Wow, this is amazing β thanks so much for sharing your code! So you'd be okay with having this integrated into the core library? If so, we might have to ask you to fill in a simple contributor agreement.
Your code looks good and very similar to the built-in loaders, actually. The built-in loaders are all classes that are initialised with optional loader-specific settings and an __iter__
method that yields the tasks. If the corpus or API response exposes the total number of results upfront, I've also added a __len__
method. (If a recipe doesn't resort the stream and doesn't expose a custom progress function, Prodigy checks whether the stream exposes a __len__
attribute, and uses that to calculate the progress.
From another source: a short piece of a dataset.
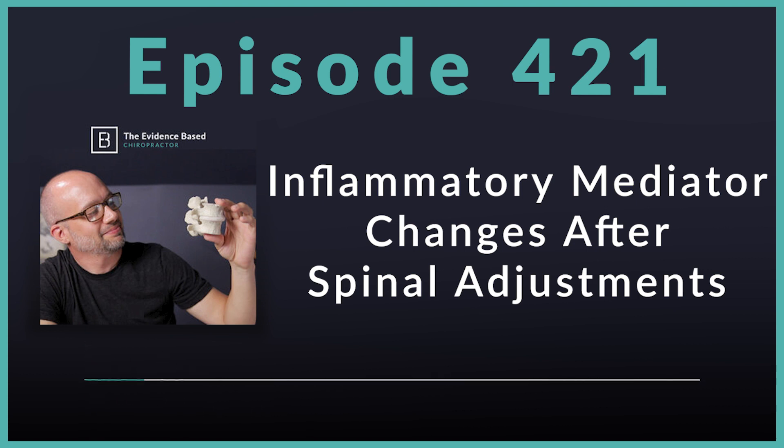You can check it out at thesmartchiropractor.com. I'll drop a link down in the show notes. But as I said at the top, we're talking research today — all about the effects of spinal manipulation on inflammatory mediators in patients with low back pain.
But of course, this only works makes sense if the stream is finite and/or we know its length upfront.)
Not at the moment β but it'd definitely be nice to make this possible! I'm not sure what the best solution would be β we could try solving this via entry points, similar to what we're planning for custom recipes. We could also consider allowing the --loader
argument to point to a file instead?
prodigy ner.teach dataset model posts.xml --loader loaders.py::StackExchange
In theory, this is possible β but it might be a little hacky. If there's an easy way to extract the LaTex markup from the text, you could, for example, use a custom HTML template for this and add a "html"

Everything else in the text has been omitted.